Data for analysis:

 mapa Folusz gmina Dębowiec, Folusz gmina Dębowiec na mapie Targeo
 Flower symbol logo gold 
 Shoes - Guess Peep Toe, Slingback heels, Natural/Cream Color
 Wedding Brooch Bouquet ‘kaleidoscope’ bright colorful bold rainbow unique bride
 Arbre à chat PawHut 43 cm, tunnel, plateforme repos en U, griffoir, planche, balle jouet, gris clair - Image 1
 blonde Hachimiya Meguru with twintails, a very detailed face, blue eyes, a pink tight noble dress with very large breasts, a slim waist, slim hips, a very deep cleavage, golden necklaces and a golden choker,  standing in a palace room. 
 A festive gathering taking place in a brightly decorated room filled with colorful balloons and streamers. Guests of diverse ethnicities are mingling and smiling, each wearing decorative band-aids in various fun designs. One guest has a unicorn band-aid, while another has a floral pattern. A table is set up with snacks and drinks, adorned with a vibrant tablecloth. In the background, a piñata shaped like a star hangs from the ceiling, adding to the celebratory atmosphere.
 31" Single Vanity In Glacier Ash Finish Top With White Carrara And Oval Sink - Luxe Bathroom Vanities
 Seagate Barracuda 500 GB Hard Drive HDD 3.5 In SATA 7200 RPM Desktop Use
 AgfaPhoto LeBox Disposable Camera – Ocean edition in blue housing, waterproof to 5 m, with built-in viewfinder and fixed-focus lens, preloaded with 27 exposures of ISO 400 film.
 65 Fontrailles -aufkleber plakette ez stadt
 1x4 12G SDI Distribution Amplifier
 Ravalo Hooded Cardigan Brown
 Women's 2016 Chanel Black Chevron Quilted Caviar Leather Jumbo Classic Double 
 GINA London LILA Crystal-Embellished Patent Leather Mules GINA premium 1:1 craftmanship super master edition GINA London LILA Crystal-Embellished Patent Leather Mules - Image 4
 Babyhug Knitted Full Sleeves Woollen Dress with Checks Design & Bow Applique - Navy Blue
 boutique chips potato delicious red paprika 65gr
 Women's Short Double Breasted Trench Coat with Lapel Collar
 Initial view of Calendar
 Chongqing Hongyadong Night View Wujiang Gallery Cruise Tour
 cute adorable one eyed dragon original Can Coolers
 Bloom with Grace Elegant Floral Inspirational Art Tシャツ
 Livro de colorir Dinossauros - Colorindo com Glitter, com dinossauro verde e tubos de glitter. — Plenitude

Task to complete:
Nothing may be left out: return each entry exactly as it reads.

Response to the exercise:
 mapa Folusz gmina Dębowiec, Folusz gmina Dębowiec na mapie Targeo
 Flower symbol logo gold 
 Shoes - Guess Peep Toe, Slingback heels, Natural/Cream Color
 Wedding Brooch Bouquet ‘kaleidoscope’ bright colorful bold rainbow unique bride
 Arbre à chat PawHut 43 cm, tunnel, plateforme repos en U, griffoir, planche, balle jouet, gris clair - Image 1
 blonde Hachimiya Meguru with twintails, a very detailed face, blue eyes, a pink tight noble dress with very large breasts, a slim waist, slim hips, a very deep cleavage, golden necklaces and a golden choker,  standing in a palace room. 
 A festive gathering taking place in a brightly decorated room filled with colorful balloons and streamers. Guests of diverse ethnicities are mingling and smiling, each wearing decorative band-aids in various fun designs. One guest has a unicorn band-aid, while another has a floral pattern. A table is set up with snacks and drinks, adorned with a vibrant tablecloth. In the background, a piñata shaped like a star hangs from the ceiling, adding to the celebratory atmosphere.
 31" Single Vanity In Glacier Ash Finish Top With White Carrara And Oval Sink - Luxe Bathroom Vanities
 Seagate Barracuda 500 GB Hard Drive HDD 3.5 In SATA 7200 RPM Desktop Use
 AgfaPhoto LeBox Disposable Camera – Ocean edition in blue housing, waterproof to 5 m, with built-in viewfinder and fixed-focus lens, preloaded with 27 exposures of ISO 400 film.
 65 Fontrailles -aufkleber plakette ez stadt
 1x4 12G SDI Distribution Amplifier
 Ravalo Hooded Cardigan Brown
 Women's 2016 Chanel Black Chevron Quilted Caviar Leather Jumbo Classic Double 
 GINA London LILA Crystal-Embellished Patent Leather Mules GINA premium 1:1 craftmanship super master edition GINA London LILA Crystal-Embellished Patent Leather Mules - Image 4
 Babyhug Knitted Full Sleeves Woollen Dress with Checks Design & Bow Applique - Navy Blue
 boutique chips potato delicious red paprika 65gr
 Women's Short Double Breasted Trench Coat with Lapel Collar
 Initial view of Calendar
 Chongqing Hongyadong Night View Wujiang Gallery Cruise Tour
 cute adorable one eyed dragon original Can Coolers
 Bloom with Grace Elegant Floral Inspirational Art Tシャツ
 Livro de colorir Dinossauros - Colorindo com Glitter, com dinossauro verde e tubos de glitter. — Plenitude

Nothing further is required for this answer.